If variety be the spice of life then today has been a veritable vindaloo - a mixture of the good, the bad, and the utterly shite. Might as well get the rant out the way first - Boy Kill Boy, what is the point of your existence? Maybe it was just unfortunate that you followed Wire on my iPod because it was difficult to avoid making comparisons between them and you. The biggest one is that Wire were original, visionary, and genuinely fresh; you on the other hand sound like every other guitar band out there at the moment. You know a band are in trouble when the most noticeable thing about them is the fact that their singer has the most irritating voice out of the current crop (quite an accomplishment given the competition), and the highlight of the album is when you can remember what song it is they're ripping off. Everything on here sounds like something from the late 70's/early 80's but is naggingly difficult to pinpoint - however if Paul Weller doesn't sue and win a case for plagiarism (listen to the first track, Back Again and tell me they haven't lifted the riff from Eton Rifles wholesale), then Wire ought to return the money they got from Elastica.

I'm listening to the last track of this album as I write this. It said ten minutes and I shat myself. Then I thought they might partly redeem themselves by turning out an epic change of direction to close, i.e a krautrock tinged cosmic jam. My initial, scatalogical reaction was the correct one though - it was that old chestnut, the hidden track. All I can say was I wish this whole fucking album had been hidden. Another indication of the dangers of drunken downloading, although I think this one was because someone recommended them to me. Bastards.

The good? Bummed. Hadn't heard it for a while but it brought a smile to my face, a swagger to my walk, and a desire to neck loads of pills and go out and cause some carnage. It was so good in fact that I'm listening to it again right now in the hope that it'll wipe out the memory of Boy Kill Boy. Fool's Gold is usually held up to be the ultimate 'Madchester' song, or the finest example of what could be achieved when you mixed indie/guitar rock with dance music, but I'd disagree. Go back a year to 1988 and listen to Wrote For Luck, surely the Ur-track for a whole swathe of the next decade's music. It's the musical expression of Liam Gallagher's swagger, the forerunner of all those Chemical Brothers/Noel Gallagher/Bernard Sumner collaborations, and the best thing you've ever heard in a sweaty club at three in the morning after an hour of faceless indie pap.

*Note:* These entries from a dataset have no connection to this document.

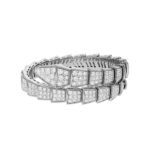 Pre-Owned Bvlgari Serpenti Viper One-Coil 18K White Gold Full Pavé Diamond Bracelet - Image 3
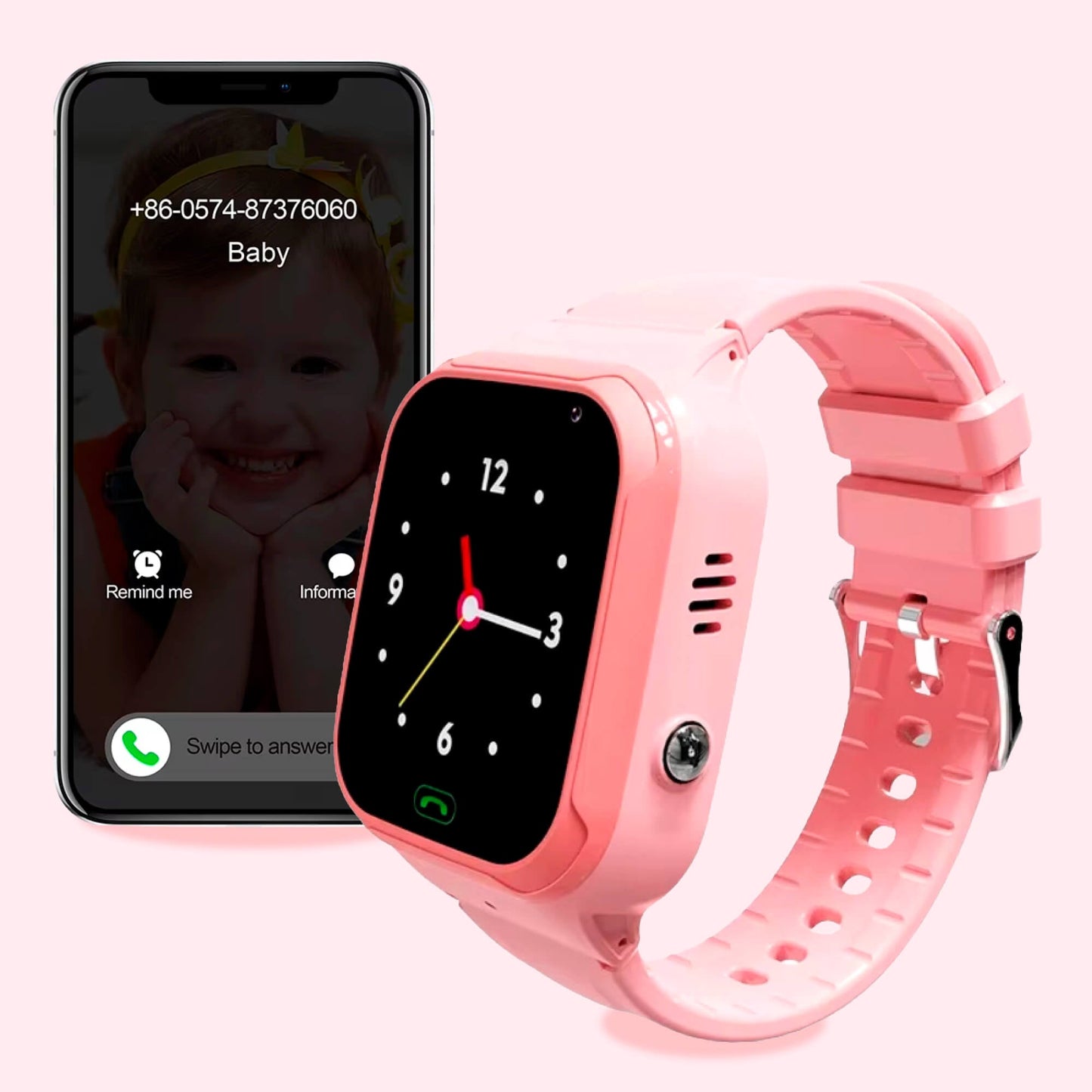 Kids Smart Watch GPS Tracker with Touch Screen, Waterproof Design, Adjustable Band, for Outdoor Activities & Daily Use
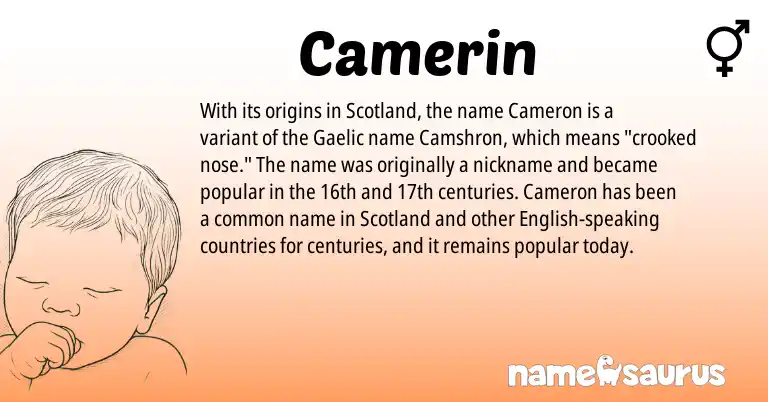 Infographic about Camerin name meaning, Camerin is a name from English, Gaelic origin(s).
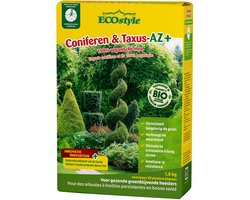 ECOstyle Coniferen & Taxus-AZ Organische Tuinmest - Sterke & Diepgroene Coniferen - 120 dagen Voeding - Gezonde & Groenblijvende Heesters - voor 50 Planten - 1,6 KG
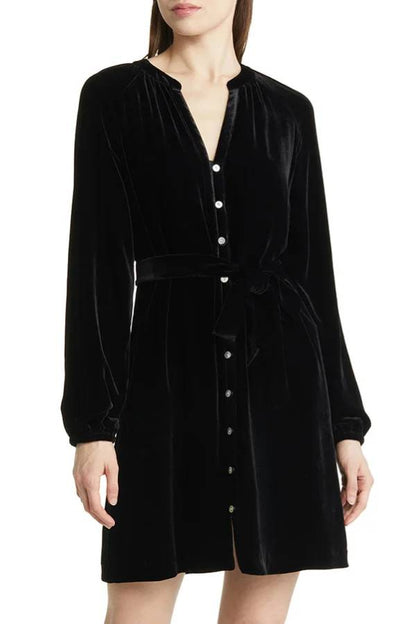 Color Velvet Long-sleeved V-neck Lace-up Mini Dress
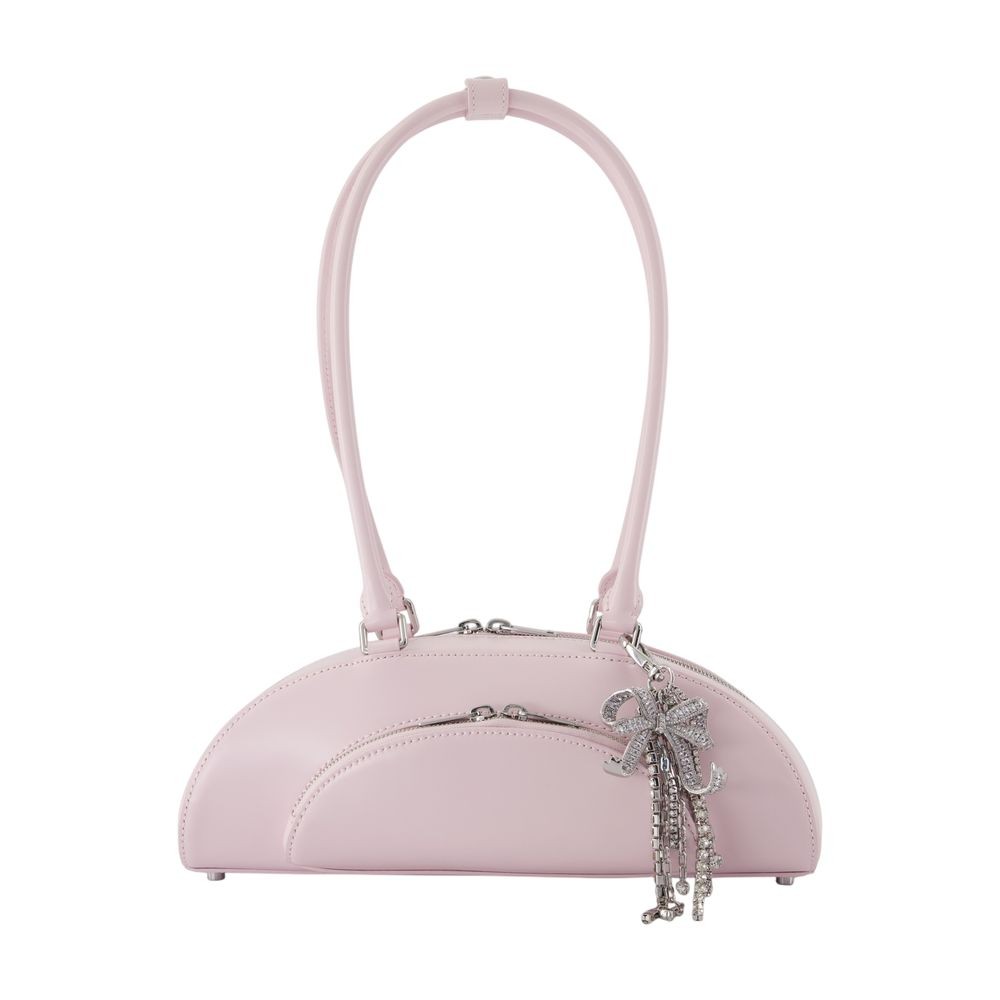 Self-portrait Curved Charm Shoulder Bag In Pink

The ugly? The inside cover of Bummed.

Thursday, 23 November 2006

B is for boring and bastards

Bows and Arrows - The Walkmen
Broken Social Scene - Broken Social Scene

I'm sure I've probably heard albums as boring as Bows and Arrows by The Walkmen, but I'm struggling to think of one off the top of my head. I'm even listening to it again as I write this to make sure the fact that I played it on my way to work on a national holiday didn't colour my judgement. It didn't. Every song sounds exactly like the last one - a wash of bog standard guitar rock, fronted by Hamilton Leithauser's pained, Dylan-down-the-bog vocals. Shit, it's grim. It's another album that's going to be making space for something more deserving, and an indication of the dangers of downloading music that you've listened to on MySpace while drunk.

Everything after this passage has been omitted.